## Your goal
Retype all of the data word for word, without pictures.

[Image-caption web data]
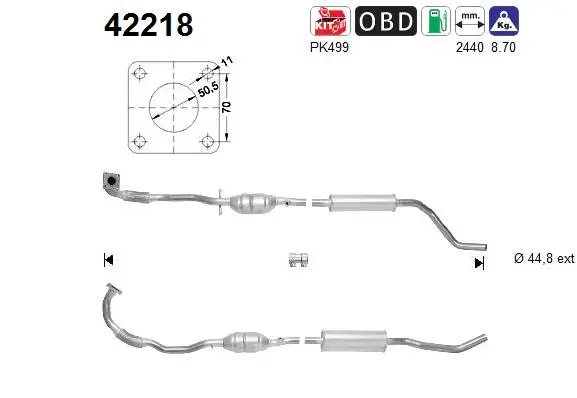 Catalyseur AS 42218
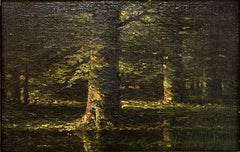 STREAM THROUGH the BEECHES Trees, Louisville, Kentucky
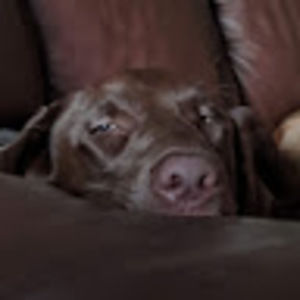 Meet your Posher, Shea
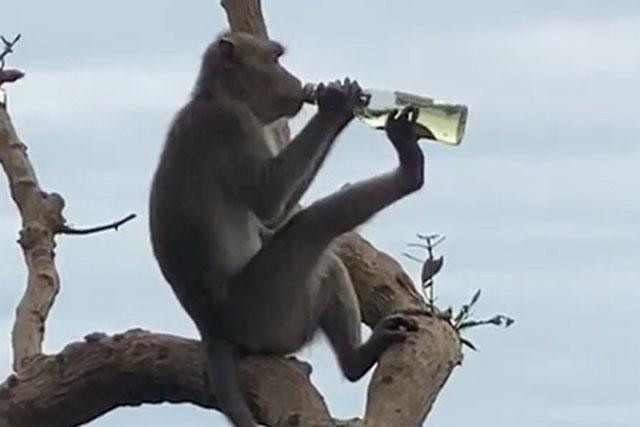 Khỉ nghiện rượu.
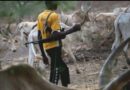 Nigeria : au moins 18 morts dans de nouvelles attaques à Benue, la population réclame une protection renforcée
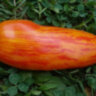 Dwarf Pepper like striped (Гном Перцевидный полосатый) Dwarf Pepper like striped (Гном Перцевидный полосатый)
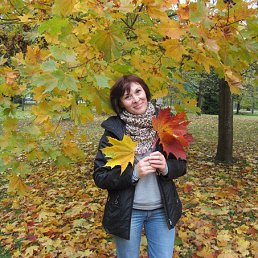 ���������, ��������, 56 ���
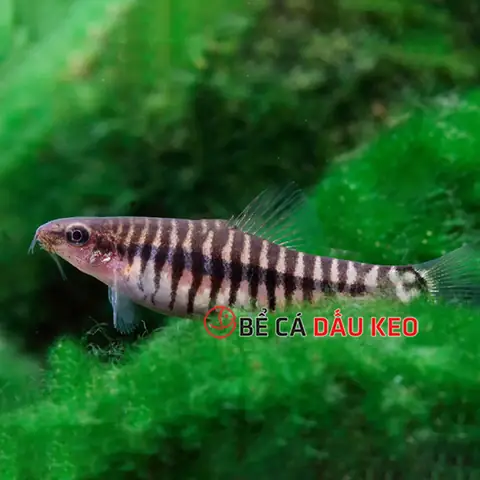 Nuôi Cá Chạch Làm Cảnh: Các Loại Phổ Biến & Hướng Dẫn Chi Tiết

## Answer below
 Catalyseur AS 42218
 STREAM THROUGH the BEECHES Trees, Louisville, Kentucky
 Meet your Posher, Shea
 Khỉ nghiện rượu.
 Nigeria : au moins 18 morts dans de nouvelles attaques à Benue, la population réclame une protection renforcée
 Dwarf Pepper like striped (Гном Перцевидный полосатый) Dwarf Pepper like striped (Гном Перцевидный полосатый)
 ���������, ��������, 56 ���
 Nuôi Cá Chạch Làm Cảnh: Các Loại Phổ Biến & Hướng Dẫn Chi Tiết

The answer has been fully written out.